L’anti-impérialisme n’était d’ailleurs souvent que de pure forme. Dans plusieurs pays, en particulier en Afrique du Nord, les Partis Communistes traditionnels ne sont même jamais parvenus à devenir une force de masse, ayant refusé de s’inscrire dans le combat anticolonial, et laissant ce terrain occupé par des forces politiques de nature petite-bourgeoise, à l’image du néo-Destour en Tunisie.

Le PC irakien offre un cas d’école de l’échec de l’application d’une politique soumettant la lutte des travailleurs au carcan étroit de la “révolution par étape”. Le principal théoricien de ce parti Amer Abdallah déclarait dans les années 1950: “Notre parti soutient les intérêts économiques de la bourgeoisie nationale comme condition fondamentale pour le développement d’un Etat bourgeois démocratique.” Les efforts du parti ne pas dépasser les tâches de “libération démocratique et nationale” conduisit à une recherche désespérée pour identifier une aile progressiste dans la classe dirigeante. La lutte de classe des ouvriers et des paysans irakiens fut sacrifiée aux besoins, aux ambitions et aux intérêts de dirigeants procapitalistes. Cela conduit le PCI à soutenir le régime du général Kassem de 1958 jusqu’au premier coup d’Etat militaire en 1963- puis à une alliance chancelante avec le parti Baas de Saddam Hussein, qui les utilisa pendant un temps pour mettre en place une façade de gauche à son régime- avant de se retourner contre eux de la manière la plus brutale, ré- compensant la position compromettante du PCI par l’emprisonnement et le massacre de milliers de ses membres et sympathisants. L’entêtement des dirigeants communistes irakiens à s’accrocher à la doctrine stalinienne de la théorie de la révolution par étapes a conduit à l’anéantissement du Parti Communiste le plus puissant du monde arabe.
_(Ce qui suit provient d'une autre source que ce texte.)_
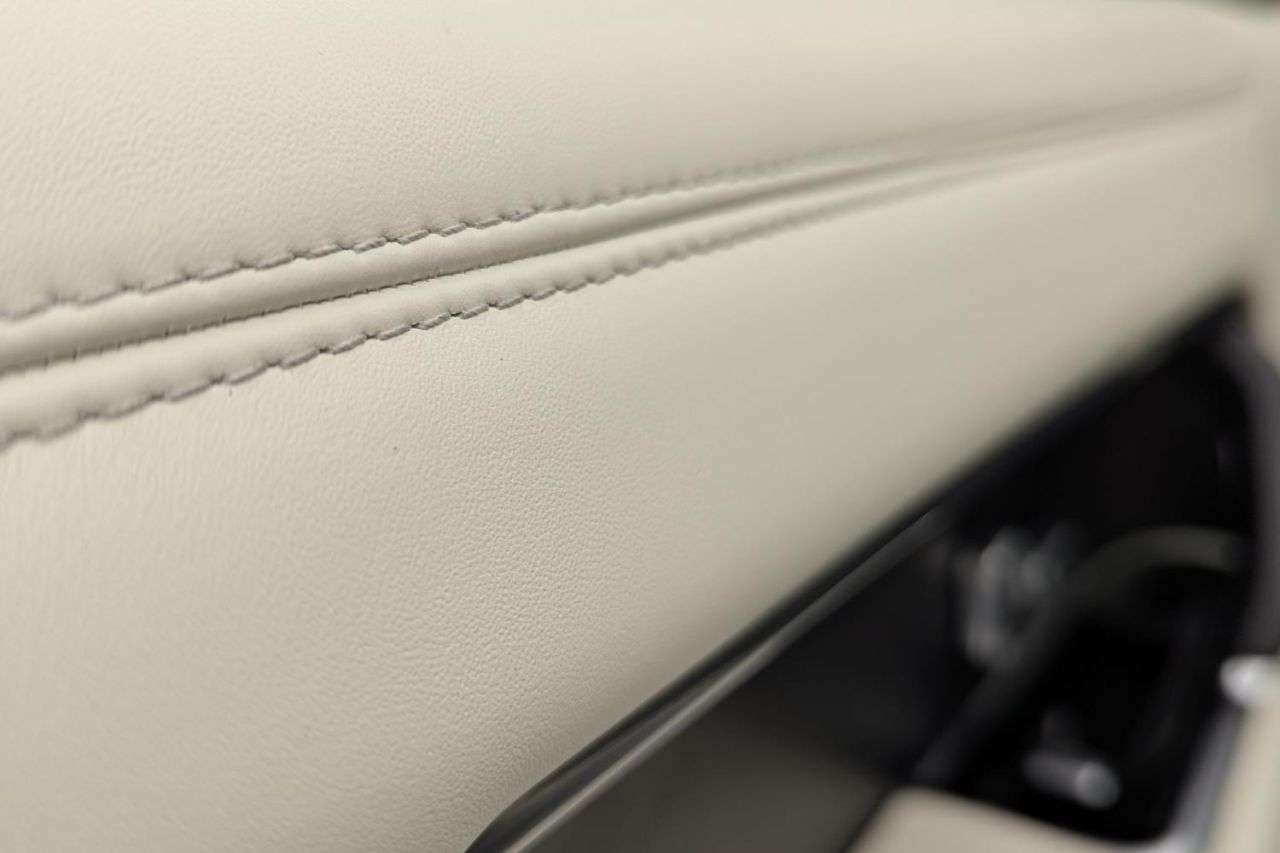 2023 LAND ROVER RANGE ROVER 2023 LAND ROVER RANGE ROVER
L’impasse de la révolution par étapes s’est vérifiée aussi par la faillite de la stratégie du Fatah Palestinien, dont la recherche d’alliances avec les bourgeoisies arabes s’est soldée par un échec retentissant. C’est cette même logique qui entraine certains militants aujourd’hui à se ranger derrière le tyran Assad au nom du combat contre l’impérialisme, contribuant à creuser la tombe du mouvement ouvrier syrien.

Le cas de la Tunisie

Il n’en va pas autrement avec la trahison opérée par les dirigeants des grandes organisations de la gauche tunisienne en 2013, lorsqu’elles se sont alliées avec des franges de l’ancien régime au nom de la lutte contre Ennahda et pour un “Etat civil et démocratique”. L’alliance gouvernementale ultérieure entre Nidaa Tounes et Ennahda ont fait s’écrouler les montages théoriques justifiant la collaboration avec les forces de l’ancien régime au nom de la révolution nationale, patriotique, démocratique ou quel que soit le nom qu’on lui donne.

La majorité des marxistes en Tunisie s’accordent sur le fait qu’une partie des tâches de la révolution, en Tunisie comme au Maghreb et au Moyen-Orient en général, sont formellement d’ordre démocratiques (ou “bourgeoises”): renverser la dictature (ou empêcher son retour), garantir les libertés de base, en finir avec les survivances féodales (notamment au niveau de la répartition des terres), supprimer la dépendance au capital étranger, etc. Le désaccord réside dans la question de savoir si ces tâches peuvent être réalisées en alliance avec la bourgeoisie dite nationale ou contre elle, si la révolution doit se limiter à ces tâches ou bien les combiner à des mots d’ordre sociaux audacieux, et si la révolution doit se cantonner aux frontières nationales ou au contraire chercher activement à construire une dynamique de luttes visant, à terme, au socialisme et au pouvoir des travailleurs à l’échelle internationale.